Christine Tharel-Douspis

Cette journée régionale initiée par la commission lecture publique de Mobilis 1 et organisée en partenariat avec l’ENSSIB 2 avait pour thème « Bibliothèque en (r)evolution, en évolution ? ».

Repenser la bibliothèque est au cœur des préoccupations des professionnels depuis plus d’une décennie, une (r)évolution toujours en marche avec aujourd’hui l’apparition de nouvelles pratiques. Les mots-clés de cette rencontre qui réunissait 120 professionnels des Pays de la Loire sont les suivants : réseaux sociaux, usages différents et mouvants, BiblioRemix, co-construction, design thinking, expérience utilisateur, médiation sans oublier Pechakucha !

La première intervention de la journée, celle de Louis Wiart (chercheur postdoctoral à Paris 13, attaché au LabSIC/Labex ICCA) portait sur les réseaux sociaux et le livre.

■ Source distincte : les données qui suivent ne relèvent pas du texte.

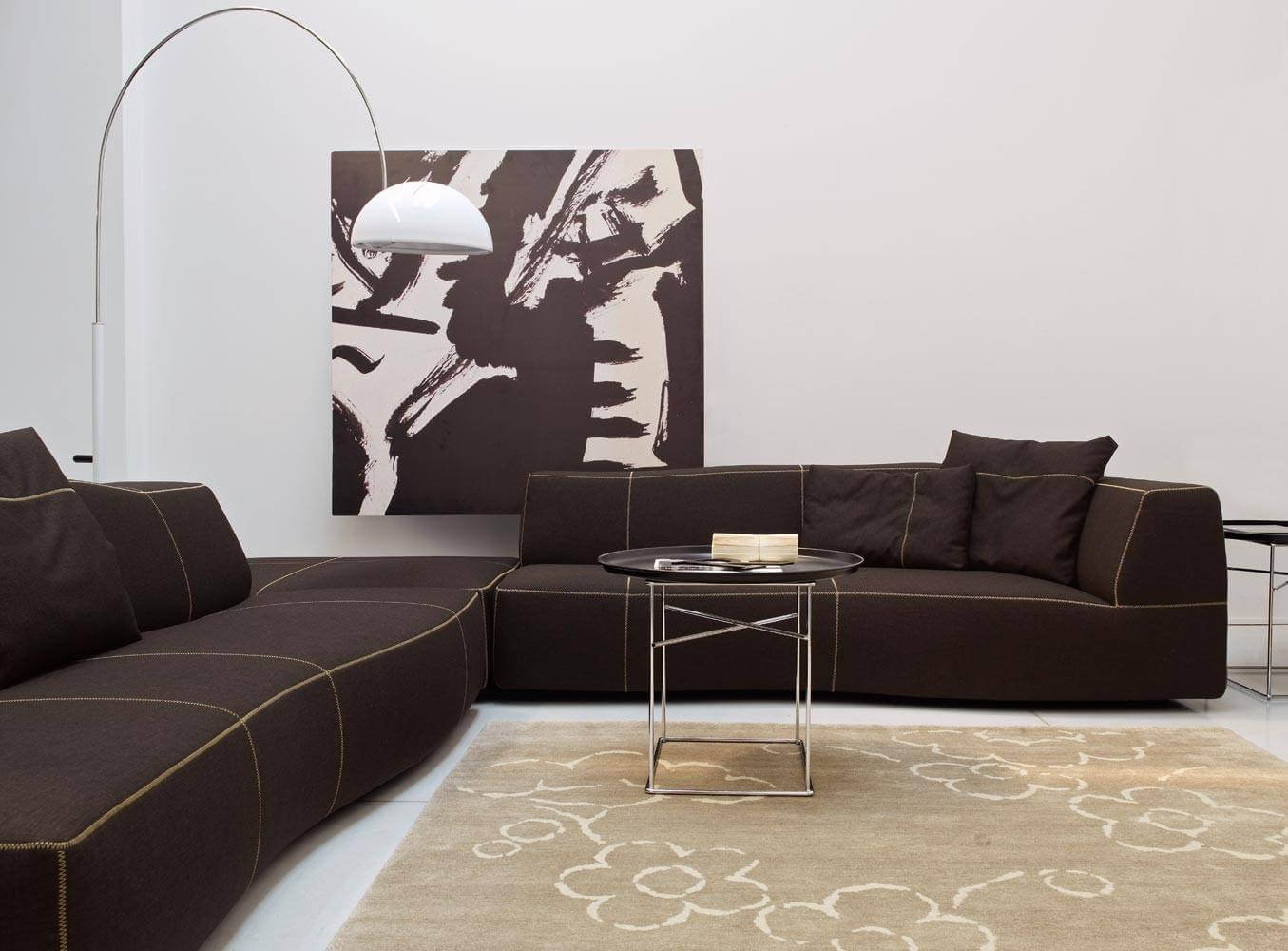B&B Italia Диван Bend-Sofa от B&B Italia — в интерьере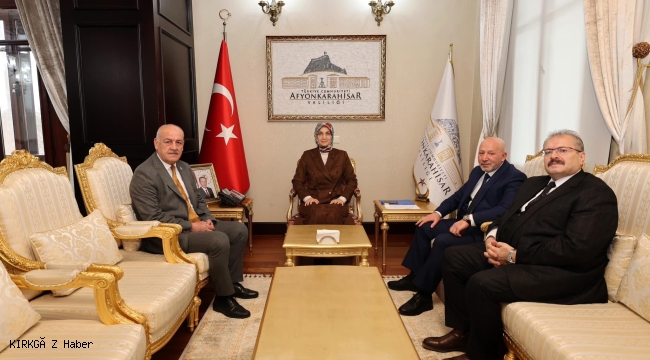 Afyonkarahisar Genelinde Devam Eden Projeler Masaya Yatırıldı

Une présentation en deux temps permet de restituer deux enquêtes : la première sur la prescription littéraire et les réseaux sociaux (à paraître aux Presses de l'ENSSIB en 2017), la seconde sur l'usage et la présence des bibliothèques sur les réseaux sociaux (étude BPI).

Les réseaux sociaux dédiés au livre

Depuis les années 1990, les réseaux sociaux et plus largement Internet jouent un rôle important en termes de prescription littéraire, au regard notamment d’une offre éditoriale pléthorique. Louis Wiart distingue trois périodes, mutations et tendances.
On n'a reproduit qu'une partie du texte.